Because the pictures are not wanted, give back only the exact text of every entry below.
================
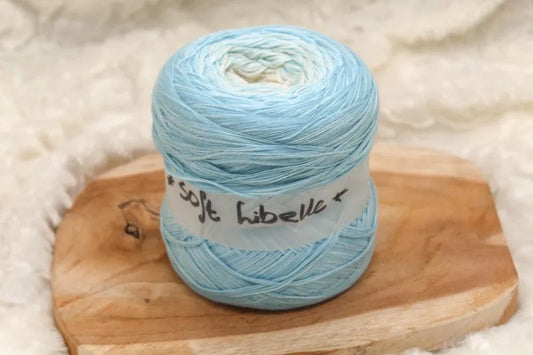 Duurzaam garen: Wolliez Unicat in de kleur Soft Libelle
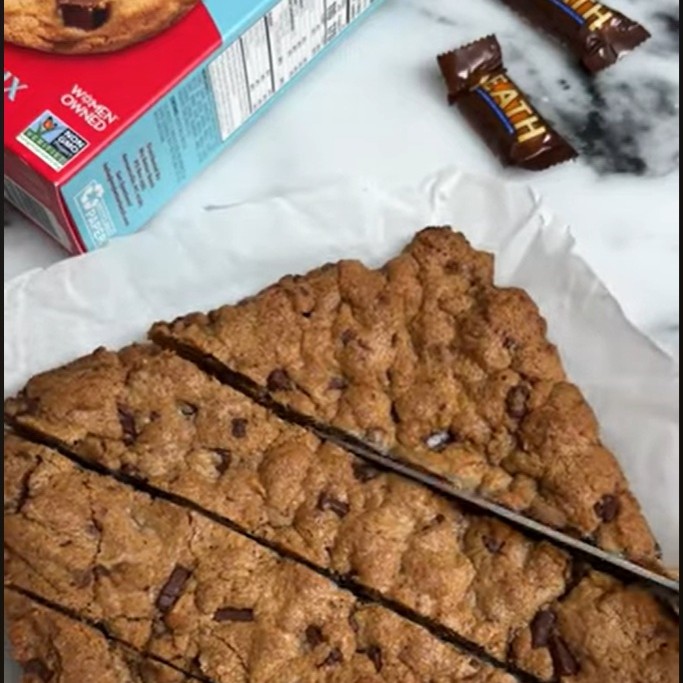 Gooey, Crunchy, Perfect: Brown Butter Chocolate Toffee Bars
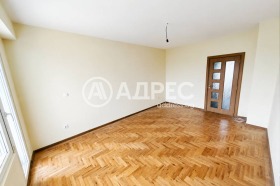 Продава 2-стаен, град София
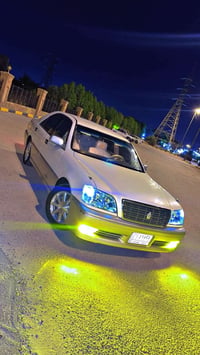 تويوتا كراون • ٢٠٠٢ • زينون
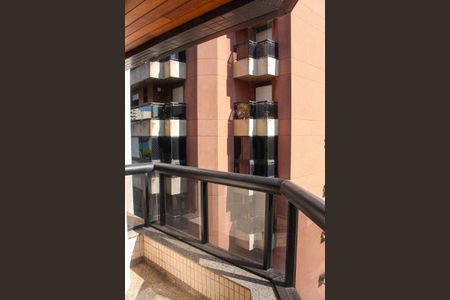 Apartamento à venda com 160m², 4 quartos e 3 vagasVista da Varanda da Suíte 1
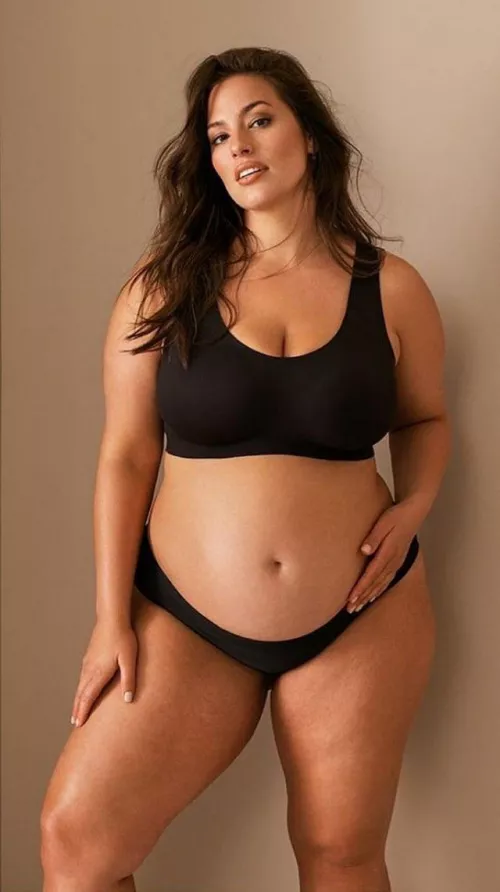 Never been in to thick or pregnant celebs before, but Ashley Graham is owning me!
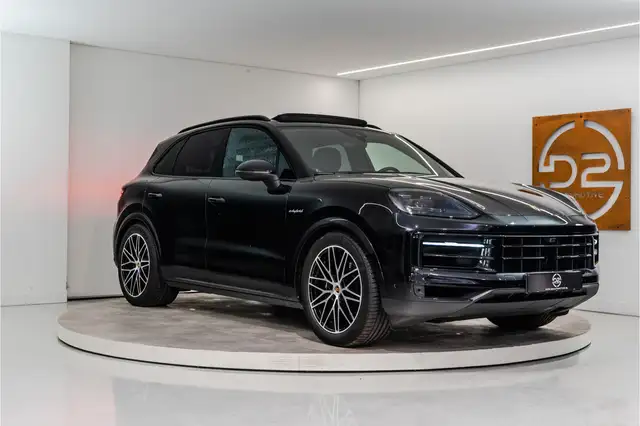 Porsche Cayenne view 7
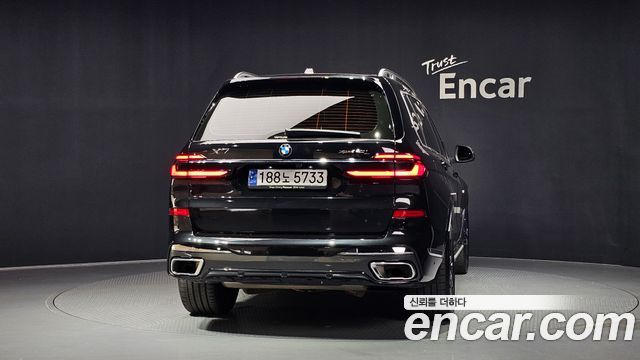 BMW X7 (G07) xDrive 40i M Sport 6STR 2024 — фото 4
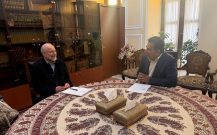 تعامل مجلس و مدیریت ورزش برای ارتقای جایگاه بین‌المللی ایران ؛ در نشست مشترک، دکتر محمدباقر قالیباف رئیس مجلس شورای اسلامی و دکتر علی بابایی کارنامی، نماینده مردم ساری و میاندورود مجلس شورای اسلامی با همــراهی مــیلاد تقوی رییس فــدراسیون والیبال ایــــران
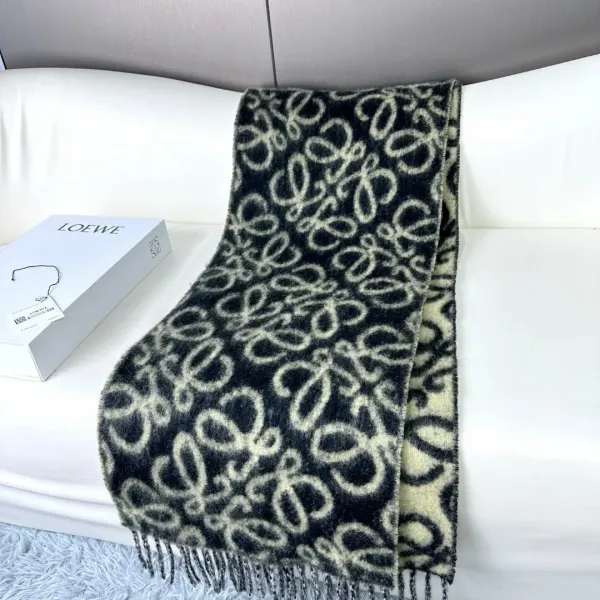 【LOEWE ロエベ】スカーフ 30*180CM 241109 【LOEWE ロエベ】スカーフ 30*180CM 241109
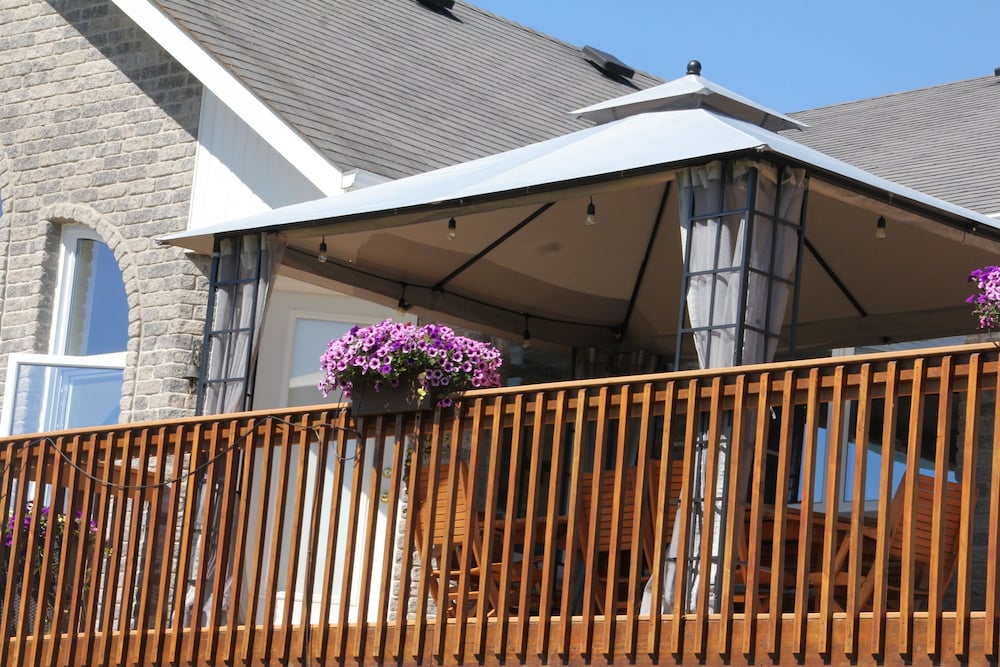 Golden Pathways Retreat and B&B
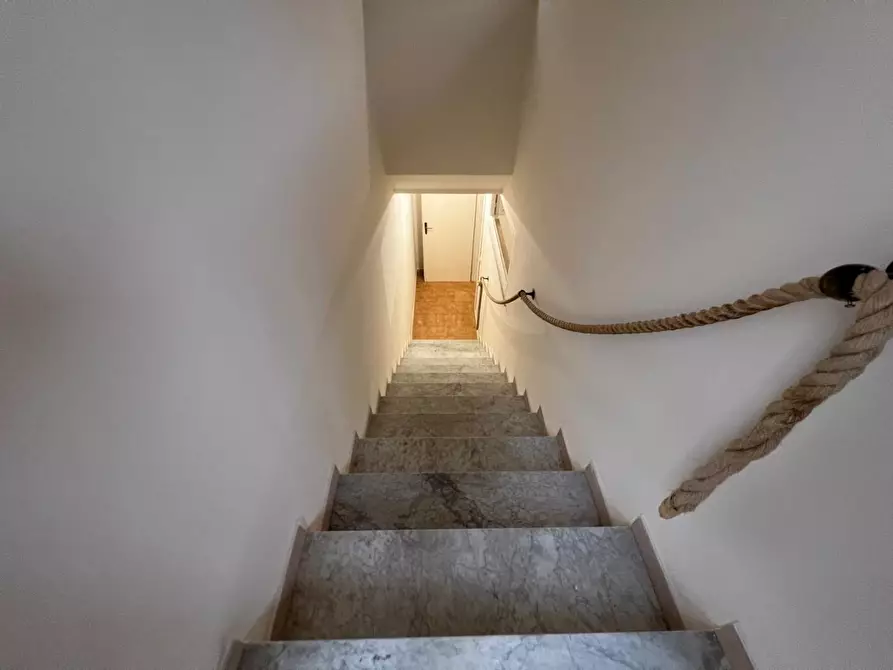 Immagine 18 di Appartamento in vendita  a Camaiore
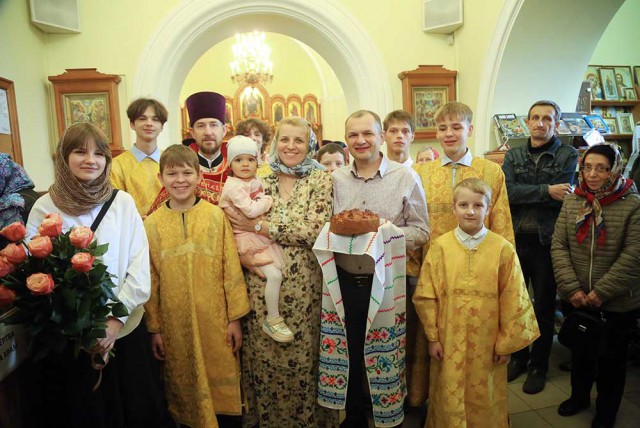 Епископ Серафим возглавил престольное торжество в Иверском храме г. Бобруйска.
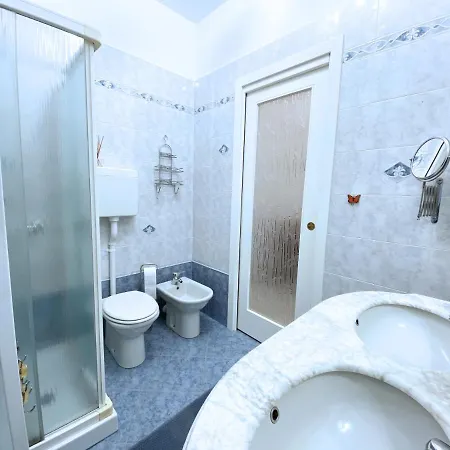 Casa Con Due Giardini Privati Vicino Al Mare E Ariston Sanremo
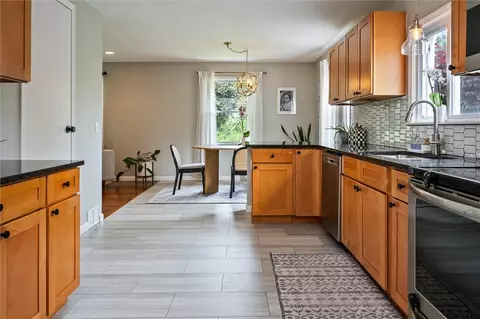 669 Webster Rd, Webster, NY 14580 photo 12
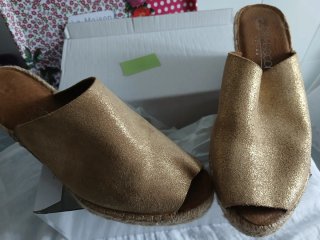 Alpargatas doradas ALMAGODI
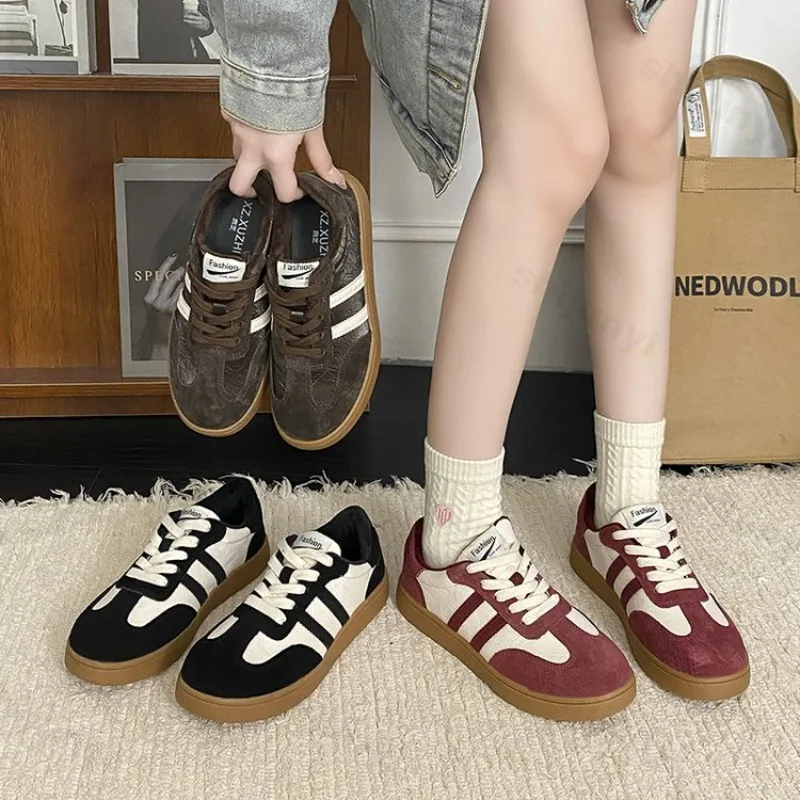 

Винтажная повседневная спортивная обувь с низким берцем на шнуровке для женщин, осень 2024, новый модный тренд, универсальные удобные нескользящие кроссовки на плоской подошве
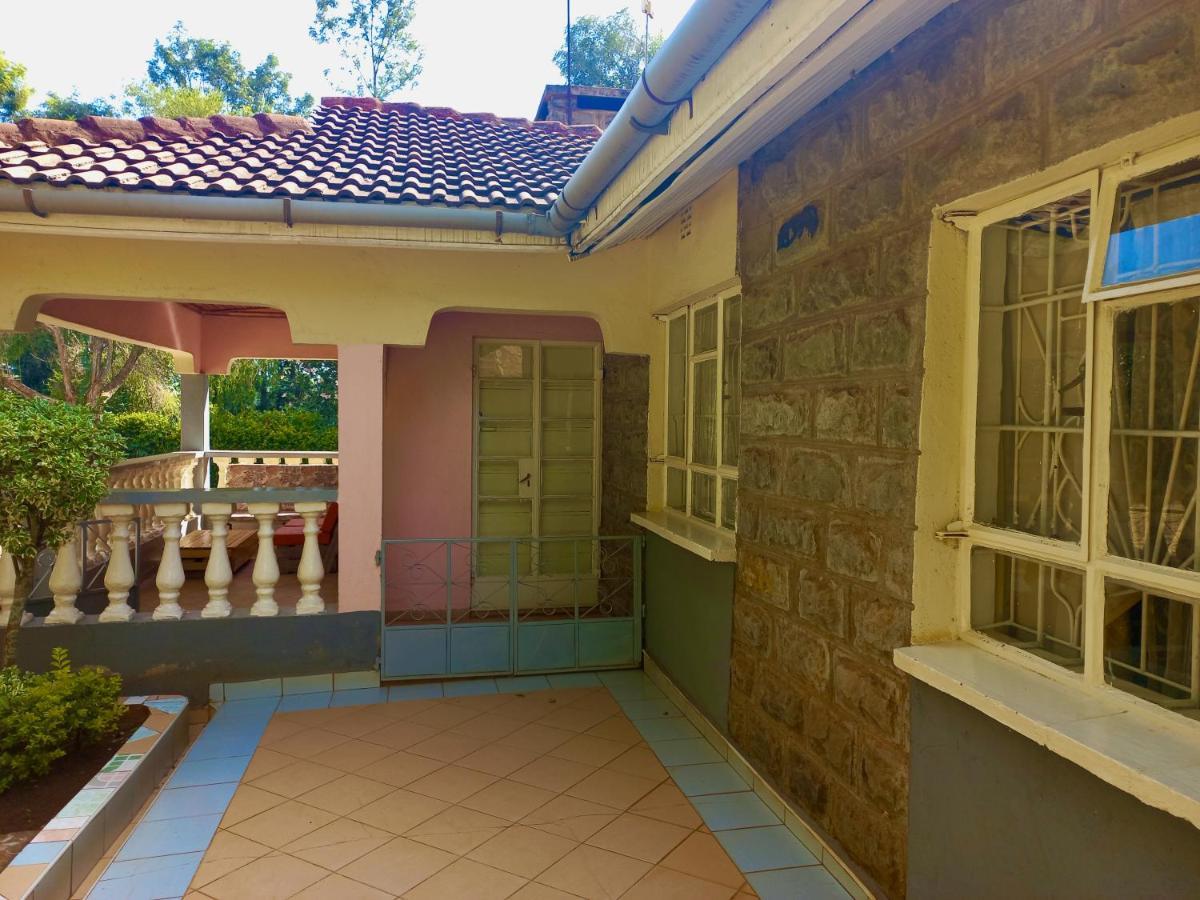 Kuniville Guest House Ньєрі Екстер'єр фото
================
**Problem solution:**
 Duurzaam garen: Wolliez Unicat in de kleur Soft Libelle
 Gooey, Crunchy, Perfect: Brown Butter Chocolate Toffee Bars
 Продава 2-стаен, град София
 تويوتا كراون • ٢٠٠٢ • زينون
 Apartamento à venda com 160m², 4 quartos e 3 vagasVista da Varanda da Suíte 1
 Never been in to thick or pregnant celebs before, but Ashley Graham is owning me!
 Porsche Cayenne view 7
 BMW X7 (G07) xDrive 40i M Sport 6STR 2024 — фото 4
 تعامل مجلس و مدیریت ورزش برای ارتقای جایگاه بین‌المللی ایران ؛ در نشست مشترک، دکتر محمدباقر قالیباف رئیس مجلس شورای اسلامی و دکتر علی بابایی کارنامی، نماینده مردم ساری و میاندورود مجلس شورای اسلامی با همــراهی مــیلاد تقوی رییس فــدراسیون والیبال ایــــران
 【LOEWE ロエベ】スカーフ 30*180CM 241109 【LOEWE ロエベ】スカーフ 30*180CM 241109
 Golden Pathways Retreat and B&B
 Immagine 18 di Appartamento in vendita  a Camaiore
 Епископ Серафим возглавил престольное торжество в Иверском храме г. Бобруйска.
 Casa Con Due Giardini Privati Vicino Al Mare E Ariston Sanremo
 669 Webster Rd, Webster, NY 14580 photo 12
 Alpargatas doradas ALMAGODI

Винтажная повседневная спортивная обувь с низким берцем на шнуровке для женщин, осень 2024, новый модный тренд, универсальные удобные нескользящие кроссовки на плоской подошве
 Kuniville Guest House Ньєрі Екстер'єр фото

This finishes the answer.